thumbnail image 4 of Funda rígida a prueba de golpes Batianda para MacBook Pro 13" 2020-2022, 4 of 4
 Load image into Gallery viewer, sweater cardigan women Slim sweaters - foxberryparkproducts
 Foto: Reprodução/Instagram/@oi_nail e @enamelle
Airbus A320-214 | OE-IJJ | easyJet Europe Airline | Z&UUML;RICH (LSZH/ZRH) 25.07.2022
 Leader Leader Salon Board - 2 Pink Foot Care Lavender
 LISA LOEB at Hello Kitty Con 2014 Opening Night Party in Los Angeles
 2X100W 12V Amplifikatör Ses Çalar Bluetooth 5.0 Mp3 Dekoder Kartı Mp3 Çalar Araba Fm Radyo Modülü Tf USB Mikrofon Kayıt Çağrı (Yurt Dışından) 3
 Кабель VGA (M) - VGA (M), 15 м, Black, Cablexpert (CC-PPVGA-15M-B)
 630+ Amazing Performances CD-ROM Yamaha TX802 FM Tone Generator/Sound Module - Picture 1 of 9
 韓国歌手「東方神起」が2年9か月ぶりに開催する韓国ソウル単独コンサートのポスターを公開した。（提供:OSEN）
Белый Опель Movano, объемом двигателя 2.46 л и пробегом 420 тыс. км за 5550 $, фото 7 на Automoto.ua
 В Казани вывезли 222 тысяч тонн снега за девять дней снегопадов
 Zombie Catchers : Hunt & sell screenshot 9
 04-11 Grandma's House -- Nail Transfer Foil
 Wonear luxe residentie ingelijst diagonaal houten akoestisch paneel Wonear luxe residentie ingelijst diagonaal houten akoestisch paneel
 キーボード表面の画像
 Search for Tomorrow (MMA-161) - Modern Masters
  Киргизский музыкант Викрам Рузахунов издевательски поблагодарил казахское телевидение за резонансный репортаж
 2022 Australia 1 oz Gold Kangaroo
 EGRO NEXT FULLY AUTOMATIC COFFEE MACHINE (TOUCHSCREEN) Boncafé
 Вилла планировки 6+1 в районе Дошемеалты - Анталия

^^^^^^^^

### What the task asks
All that the answer may hold is the lines from the one with "akoestisch paneel Wonear" through the end of the data, set down exactly as they appear.

### Answer for this exercise
 Wonear luxe residentie ingelijst diagonaal houten akoestisch paneel Wonear luxe residentie ingelijst diagonaal houten akoestisch paneel
 キーボード表面の画像
 Search for Tomorrow (MMA-161) - Modern Masters
  Киргизский музыкант Викрам Рузахунов издевательски поблагодарил казахское телевидение за резонансный репортаж
 2022 Australia 1 oz Gold Kangaroo
 EGRO NEXT FULLY AUTOMATIC COFFEE MACHINE (TOUCHSCREEN) Boncafé
 Вилла планировки 6+1 в районе Дошемеалты - Анталия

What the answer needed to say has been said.